Those of you who, like me, have a strange cocktail of heritages and countries lived in will be used to this question. I say where my parents are from, two different countries, continents even, and it is like some people can’t handle this. The answer is too murky. They must definitively ascertain where my loyalties lie. They need to put me in a box with a label so that they can understand me better.
‘Which one do you feel most’ -neither and both.
‘But you have been here since you were 7, so you’re British.’ – My dad says things like ‘put out the light’ and ‘get down from the car’ and my mum mixes her metaphors in English so she comes out with sayings like ‘the grass is always greener when you’re playing the field.’ I most definitely did not grow up feeling British. (Note: I actually just got my British citizenship in 2017 but I still waiting for the British feels to drop.)
‘But which one is home to you?’ – what does this even mean and why do I have to choose just one?
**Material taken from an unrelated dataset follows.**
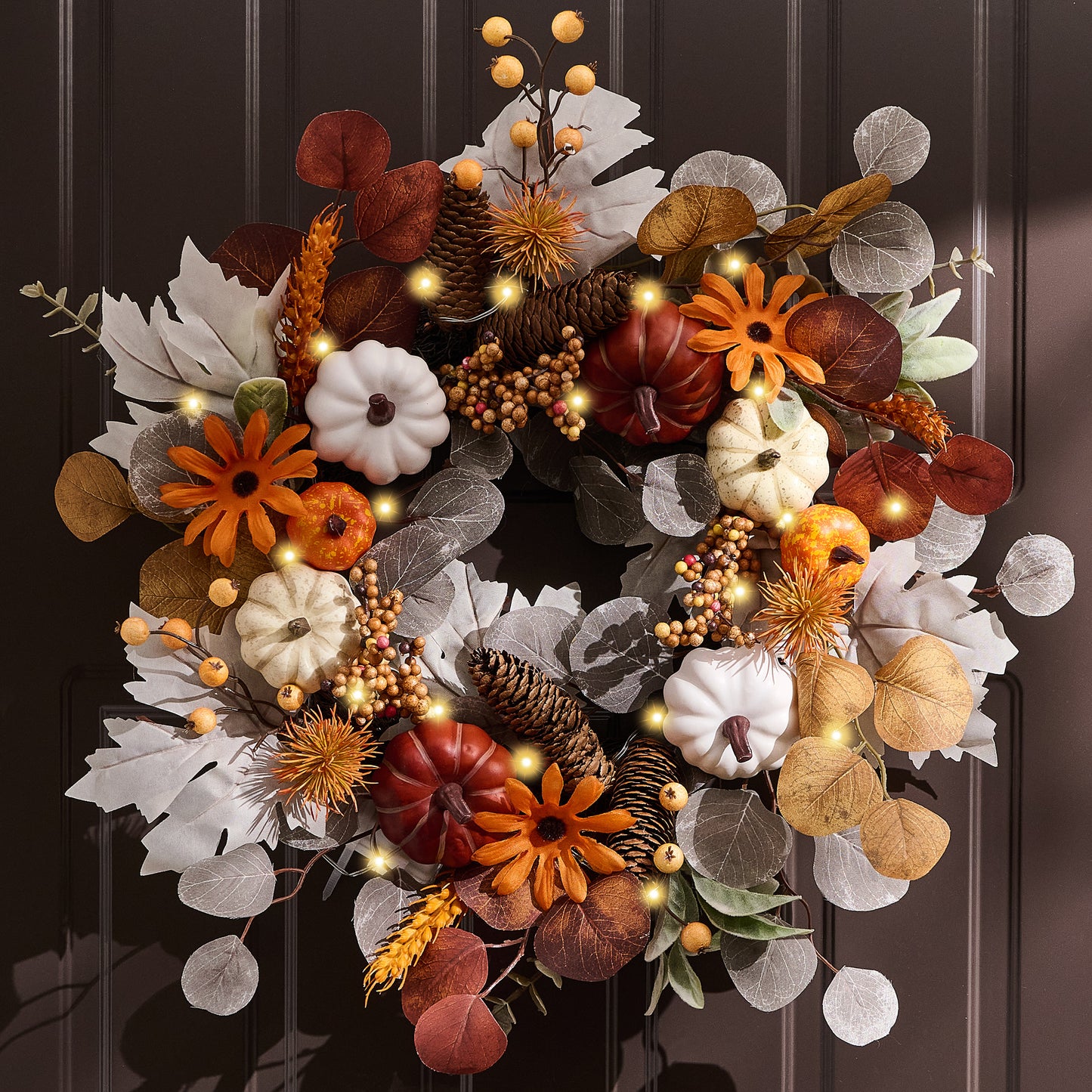 Valery Madelyn Fall Wreath with Lights for Front Door, 18" Autumn Door Wreath with White Pumpkins Silk Maple Leaves, Outdoor Fall Halloween Decorations for Home Porch Thanksgiving Harvest Table Decor-EG1301-0063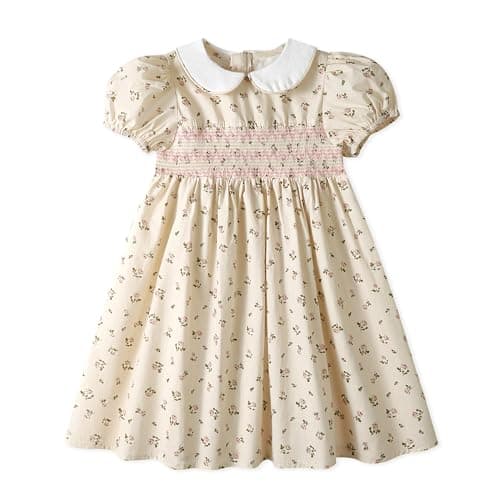 Image of Miipat Toddler Girls Smocked Floral Dress Vintage Kids Casual Dress Puff Sleeve Peter Pan Collar Cotton Little Girl Summer Dresses(Beigefloralprint,4-5Years)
You want to tell these people to back off. You want to tell them you have enough trouble pinpointing your cultural and national identity without them putting strange expectations and parameters on it.
‘Perhaps it is the odd mixture of continents and blood, of here and there, of belonging and not, that makes me restless….’
This quote by Hanif Kureishi in the Buddha of Suburbia sums it up nicely. That feeling of being from here, there, everywhere and nowhere. Of being a little bit foreign wherever you go, and yet feeling at ease anywhere too.
I have actually chopped the end of this quote off (‘…and easily bored.’) because it is true but makes me sound fickle, and this is the Internet and I am told I can be the best me on the Internet.